Jaú - Por onze votos a cinco, a Câmara Municipal de Jaú (47 quilômetros a Leste de Bauru) aprovou, na sessão da última segunda-feira, em regime de urgência, um projeto de lei do Executivo que autoriza o poder público municipal a participar da gestão da Fundação Raul Bauab e que prevê alterações no estatuto da entidade.
O texto, que enquadra a fundação educacional nas regras da administração pública, foi encaminhado para o prefeito João Sanzovo Neto (PSDB) para sanção da lei.
O projeto prevê que a entidade tenha obrigações como a de realizar licitações para aquisição de materiais e serviços; promover concursos públicos para contratações e fixar limites com gastos com pessoal.
O texto também dá ao prefeito o poder de indicar pessoas para constituir a assembléia geral da entidade, além de excluir os membros atuais, com exceção dos natos e honoríficos.
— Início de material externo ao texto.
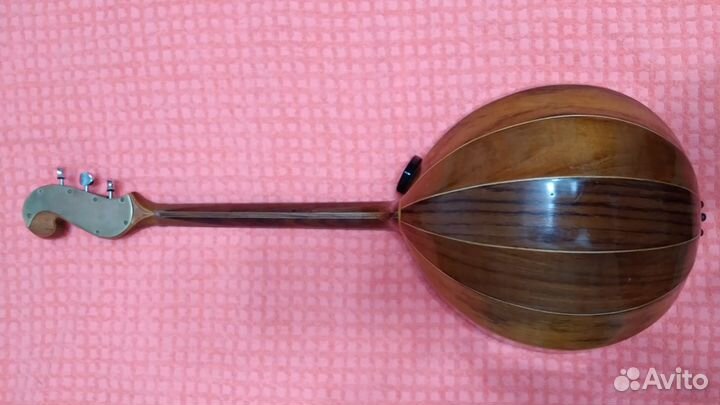 Домра малая мастеровая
O projeto prevê ainda que seja criada uma comissão especial para definir critérios de concessão de bolsas de estudo na entidade.
A Fundação Raul Bauab foi constituída como pessoa jurídica mas, segundo a prefeitura de Jaú, recebeu diversos benefícios e auxílios, como subvenções financeiras, isenções tributárias e autorização de uso de imóveis públicos.
“Todo o seu patrimônio inicial, com exceção de um terreno doado por membros da família Franceschi, foi formado com recursos destacados e cedidos pelo poder público municipal”, diz o prefeito João Sanzovo Neto (PSDB) no texto, afirmando que a entidade foi instituída pela administração municipal.
“Por se utilizar de bens públicos, por receber benefícios públicos e ter isenções tributárias, ela se submete às regras da administração pública”, defendeu o secretário de Negócios Jurídicos do município, Adilson Roberto Battochio, em entrevista coletiva.
Segundo o Executivo, a fundação vem utilizando imóveis do município sem qualquer forma de remuneração ou respaldo legal. O texto prevê que a regularização de uso dos imóveis fica condicionada ao cumprimento, por parte da fundação, da reforma de seu estatuto e da conseqüente interferência do poder público na gestão da entidade.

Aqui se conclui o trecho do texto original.